Avila, a physician, left office in October after a series of attention-getting incidents, including a dustup over an egg sandwich that led to a lawsuit by a Harrisburg diner owner, and a state worker's complaint that Avila ordered a bloodmobile to vacate his Capitol parking space during a blood drive.
An administration news release Friday touted the Department of Health's efforts to increase access to health care in rural and underserved areas.
"Michael has proven his ability to manage this important department and is well-respected among his colleagues," Corbett said in a statement.

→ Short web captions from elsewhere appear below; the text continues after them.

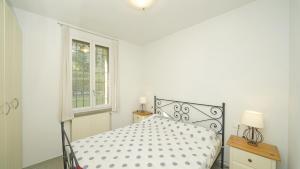 a white bedroom with a bed and a window at Garda Prestige Retreat in Moniga +40 photos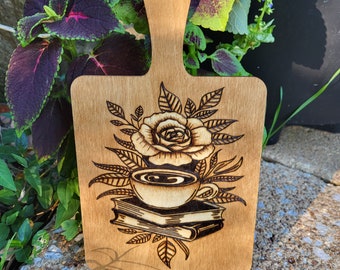 May include: A wooden cutting board with a hand-burned design of a coffee cup, a rose, and books. The design is in shades of brown and black.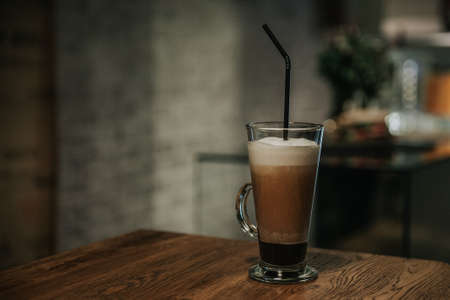 cappuccino in glass cup on tableの写真素材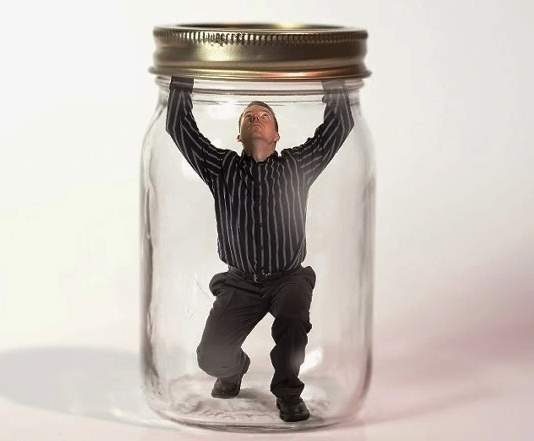 Tag: A man, sealed within a jar.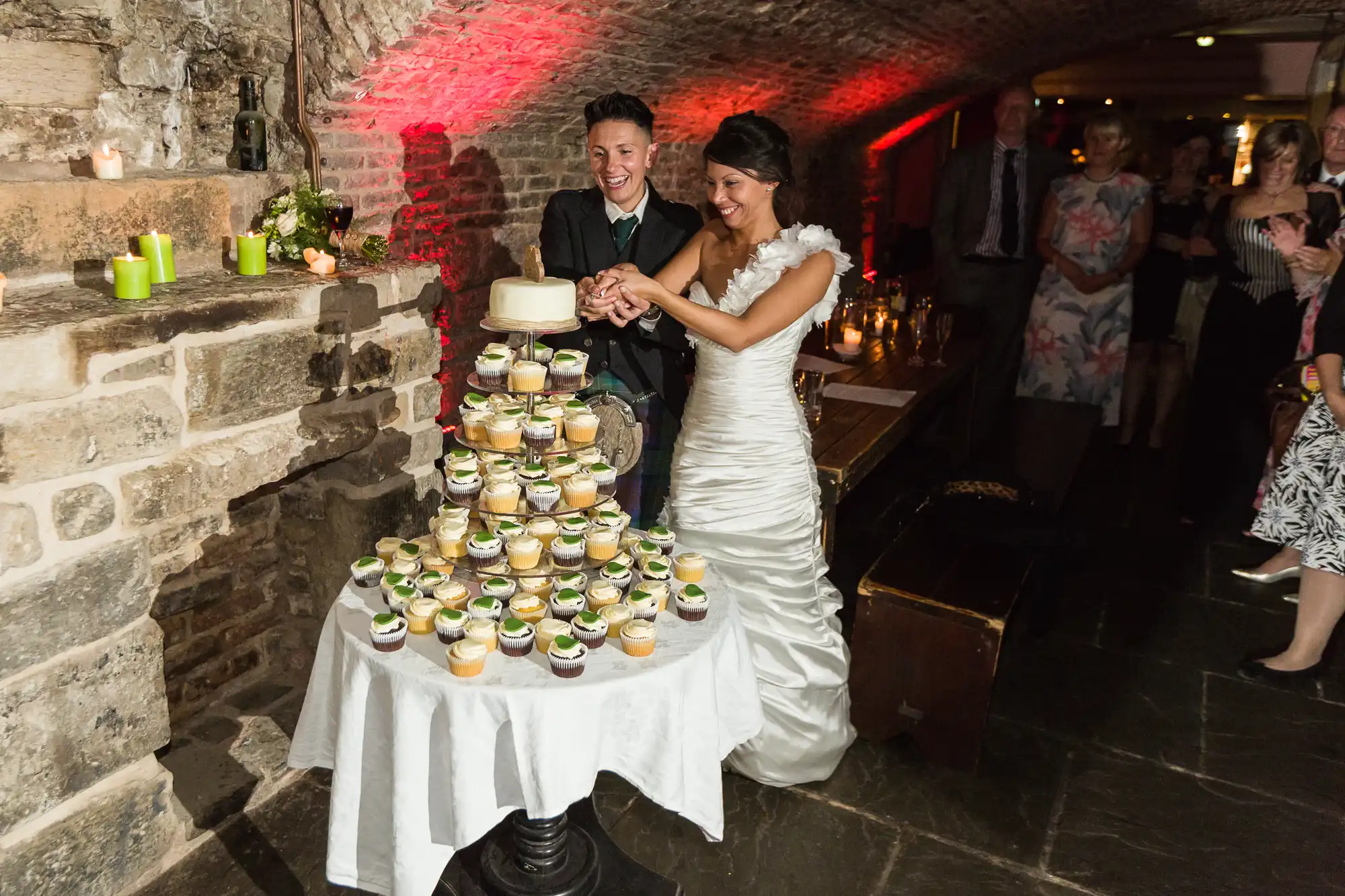 A bride and groom smile while cutting a small cake atop a tiered stand of cupcakes in a rustic, candlelit brick venue. The bride wears a white dress with floral details; the groom wears a dark suit. Guests watch and smile in the background.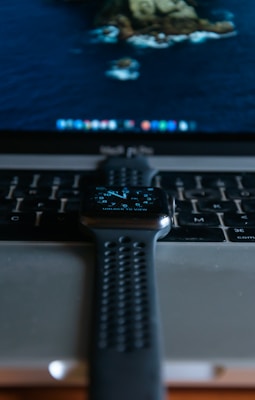 A smartwatch with a perforated strap is placed on top of a laptop keyboard. The digital display of the watch shows the time and other information. The laptop screen in the background displays a desktop with a nature-themed wallpaper and a dock of icons at the bottom.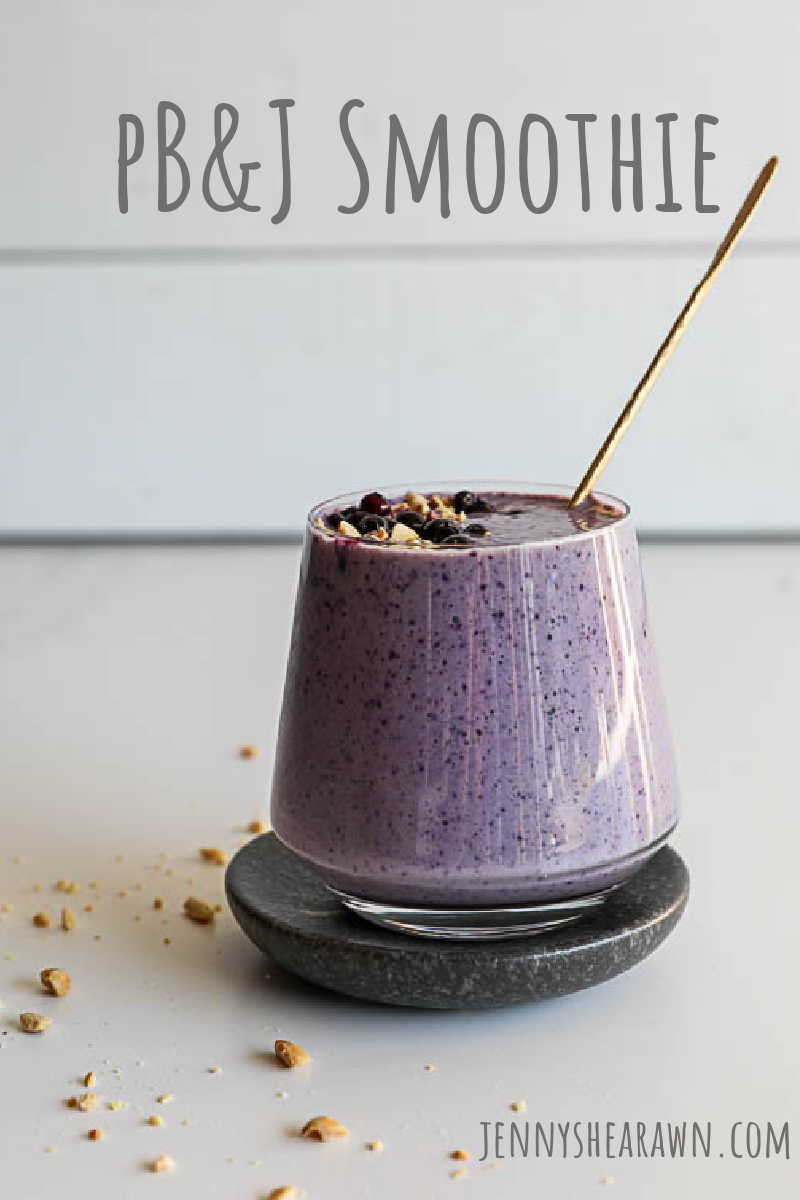 An image of a peanut butter and jelly wild blueberry smoothie on a white counter with a white background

A state employees' union is suing the administration over a plan to close nearly half the state's 60 community health centers. Neil Bisno, president of Service Employees International Union Healthcare PA, faulted Wolf and cited a new study by the Robert Wood Johnson Foundation that found the state's public health system is chronically underfunded and ranks near the bottom among states in public health spending.
"Instead of ensuring all Pennsylvania citizens access to health-care services, he wants to close nearly half the public health centers across the state and slash the level of public health-care professionals," Bisno said.
Wolf, whose salary is $149,804, has a graduate degree in business administration from the University of Phoenix. He is one of only four non-physicians to be appointed health secretary since the post was created in 1951.
Sprow takes over for Inspector General Kenya Mann Faulkner, the former federal prosecutor who left the administration at the end of March to become general counsel to the University of Cincinnati. Sprow had served as Faulkner's chief counsel and earlier had worked as a prosecutor for the state Attorney General's Office.
Corbett also named K. Kenneth Brown II to serve as chief counsel for the Office of Inspector General. Brown joined that office in February after five years in the state Attorney General's Office.
Sprow and Brown were lead lawyers in then-Attorney General Corbett's prosecution of nearly two dozen individuals, including legislators and their staff members, in the so-called Bonusgate corruption scandal.
Several top members of Corbett's administration have departed in recent months, among them Environmental Secretary Michael Krancer, who resigned last month, and Welfare Secretary Gary Alexander.